Canadian children's game show

5-4-3-2-Run is a Canadian children's game show. It aired from 1988 to 1990 on CTV in Canada and on many independent stations in the United States. Hosted by Andrew Cochrane, the show featured children competing in a combination of general-knowledge questions and physical stunts akin to Double Dare. The show was taped at the BCTV studios in Burnaby, British Columbia.

It was renewed for a second season by CTV in 1989. The show aired briefly in US syndication circa late 1988-early 1989 on a few stations, including on WPHL Philly. The show was canceled by CTV in 1990.

==Gameplay==
Two full rounds were played during each show. The contestants, known as "runners", were randomly picked out of the studio audience upon a correct response to a question. Four players were chosen for each game.

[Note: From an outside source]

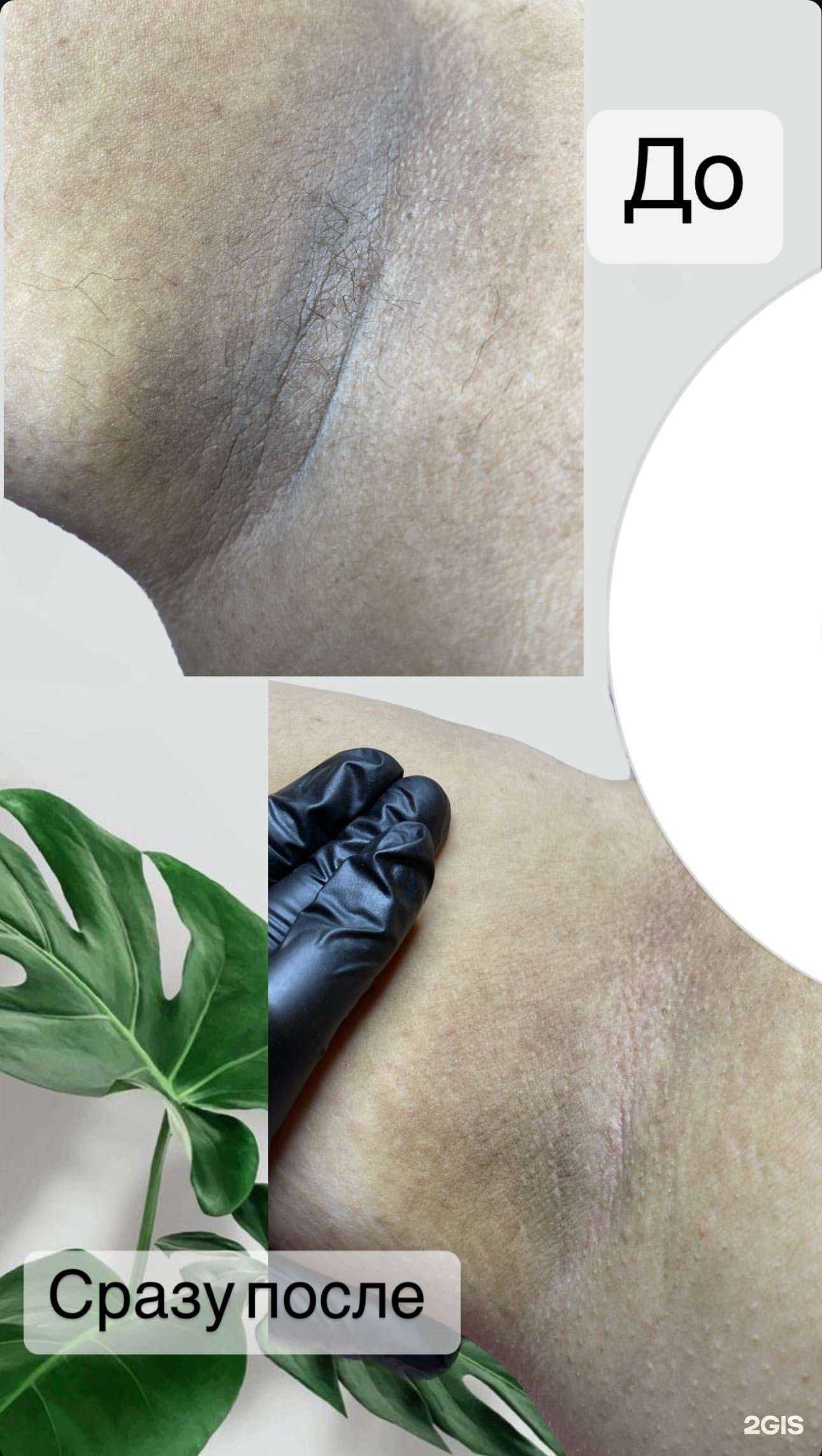 Отзывы на компанию Zebra_epil в Сочи c фото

In each round, a category was given and possible answers were shown on monitors at the end of the playing course. The goal was to pick the answers that fit within the category. To give time to randomize the answers, the players were asked to complete a stunt such as walking on stilts. Once they reached the bin at the other end of the course, each player chose one of the answers and were also given the option of staying where they were or trading into the one seat that was empty or with another player (in the latter event, the other must agree to the trade for it to take place). When all players were satisfied with their choice, they pushed a plunger on the desk. Those who picked a correct answer moved on to the next round, while those who picked an incorrect answer would get something dumped on their head and be eliminated from further play, but still winning a consolation prize. The one or two players remaining at the end of the round would move on to the bonus round.

The winners from each game played in the bonus round. The players were shown four prizes, and were asked to choose the prize they most wanted to play for. If only one player chose a particular prize, that player had to answer only one question to win that prize. If more than one player chose the same prize, then a "face-off" took place with the last person to give a correct answer to a question winning the prize. Nobody left the game empty-handed, at the very least they took home a board game as their prize.